Ce n’est d’ailleurs pas une caricature que de qualifier la formation de «plate»: 53 % des étudiants du collégial considèrent la formation générale «inintéressante», selon des données de 2021 citées par la FECQ. Cette statistique a des répercussions sur la réussite et le décrochage, martèle sa présidente. «De ne pas augmenter le pourcentage des gens qui trouvent ça intéressant, on pense que cela a un impact sur la réussite et sur la motivation scolaire.»

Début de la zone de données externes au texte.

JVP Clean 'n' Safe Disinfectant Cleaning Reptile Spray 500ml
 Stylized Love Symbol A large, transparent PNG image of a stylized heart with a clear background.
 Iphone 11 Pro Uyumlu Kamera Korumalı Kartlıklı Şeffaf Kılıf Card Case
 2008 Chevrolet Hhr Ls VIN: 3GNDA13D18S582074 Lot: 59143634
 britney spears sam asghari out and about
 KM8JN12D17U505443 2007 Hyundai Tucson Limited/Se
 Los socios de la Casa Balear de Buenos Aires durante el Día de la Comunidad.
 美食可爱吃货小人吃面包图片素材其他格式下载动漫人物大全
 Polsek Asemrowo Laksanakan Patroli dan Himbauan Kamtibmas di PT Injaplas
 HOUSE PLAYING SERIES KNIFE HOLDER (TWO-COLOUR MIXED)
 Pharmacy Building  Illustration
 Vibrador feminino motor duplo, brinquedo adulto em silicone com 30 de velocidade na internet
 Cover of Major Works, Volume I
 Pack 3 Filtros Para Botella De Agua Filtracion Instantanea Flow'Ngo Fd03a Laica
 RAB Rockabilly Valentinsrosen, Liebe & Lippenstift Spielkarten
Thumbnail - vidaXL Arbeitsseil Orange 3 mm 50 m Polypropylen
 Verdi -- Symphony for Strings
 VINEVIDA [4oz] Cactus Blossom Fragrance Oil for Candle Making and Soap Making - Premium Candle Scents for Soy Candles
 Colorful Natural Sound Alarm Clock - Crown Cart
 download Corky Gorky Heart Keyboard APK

La Fédération propose donc, selon les termes de son communiqué, «d’offrir des choix de cours diversifiés pour chacun des domaines de la formation générale, à l'instar de ce qui est déjà en place dans le réseau collégial anglophone. L'objectif est de permettre à la population étudiante de choisir des cours de littérature et de philosophie qui présentent notamment des contenus adaptés à leurs intérêts, tout en dispensant les mêmes compétences essentielles.»
À ces compétences s'ajoutent toutefois de nouvelles réalités qui doivent être intégrées à la formation collégiale, fait-on valoir, notamment «les compétences numériques, l'inclusivité dans les cours d'éducation physique, la place des cours complémentaires dans le parcours».
Quant au cours de littérature, la Fédération ne joue pas à l'autruche et demande de revoir les notions de français écrit dans ces cours car, admet-elle, «la maîtrise du code linguistique est préoccupante au sein de la population étudiante collégiale et devient un frein à la réussite de celle-ci», peut-on lire dans son communiqué, qui souligne au passage que plus de 90 % des profs de l’enseignement général voient les lacunes dans la maîtrise du français comme «un défi dans leur enseignement», euphémisme s’il en est.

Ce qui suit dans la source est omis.